Bundles can interact with each other through the API that bundles themselves provide. These are separated into three categories:

• request for requesting something to be done (serializable to JSON)
• event for notifying that something happened (serializable to JSON)
• service when direct function calls are required between bundles

The Oskari sandbox is the message bus for all of these categories:

sequenceDiagram
    participant mapmodule as mapmodule
bundle
    participant layerlist as layerlist
bundle

    mapmodule->>Sandbox: Add handler for AddMapLayerRequest
    layerlist->>Sandbox: Add listener for AfterMapLayerAddEvent
    Note over layerlist: User adds a layer to map using
 UI provided by layerlist
    layerlist->>layerlist: Click toggle
    layerlist->>Sandbox: Send AddMapLayerRequest
    Sandbox->>mapmodule: handle AddMapLayerRequest
    mapmodule->>mapmodule: Download layer metadata
and add to map
    mapmodule->>Sandbox: Trigger AfterMapLayerAddEvent
    Sandbox->>layerlist: call listener for AfterMapLayerAddEvent
    layerlist->>layerlist: update state/UI to show layer on map

3.5.1 Bundle requests

Requests can only have one handler/bundle that handles them. Other bundles request something to be done by the bundle that offers a request API.

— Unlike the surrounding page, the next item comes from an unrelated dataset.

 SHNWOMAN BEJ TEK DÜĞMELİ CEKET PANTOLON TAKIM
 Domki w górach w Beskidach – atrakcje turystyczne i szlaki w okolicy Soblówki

A comprehensive versioned documentation of all available bundle requests can be found here

Providing request API

A bundle can define a request that it wants to provide as its API with a javascript file like this:

Oskari.clazz.define('Oskari.sample.HelloRequest',
    function (target = 'World') {
        this.target = target;
    }, {
        __name: 'HelloRequest',
        getName: function () {
            return this.__name;
        },
        getTarget: function () {
            return this.target;
        }
    }, {
        protocol: ['Oskari.mapframework.request.Request']
    });

Where:

• name is the request name and references to the request are done using the name
• the constructor parameters are values that the handling code needs to do what the request is supposed to do. They can be partially or even fully optional.
• the protocol at the end is required for Oskari to find any of the request files by just using the request name

By convention the request file should be placed in a request-folder under the bundles implementation folder. The bundle should then also register a handler for the request in the sandbox. If the request handler is complex you should have the code in a separate file in the request-folder, but simple ones can be done in the bundle instance file for example.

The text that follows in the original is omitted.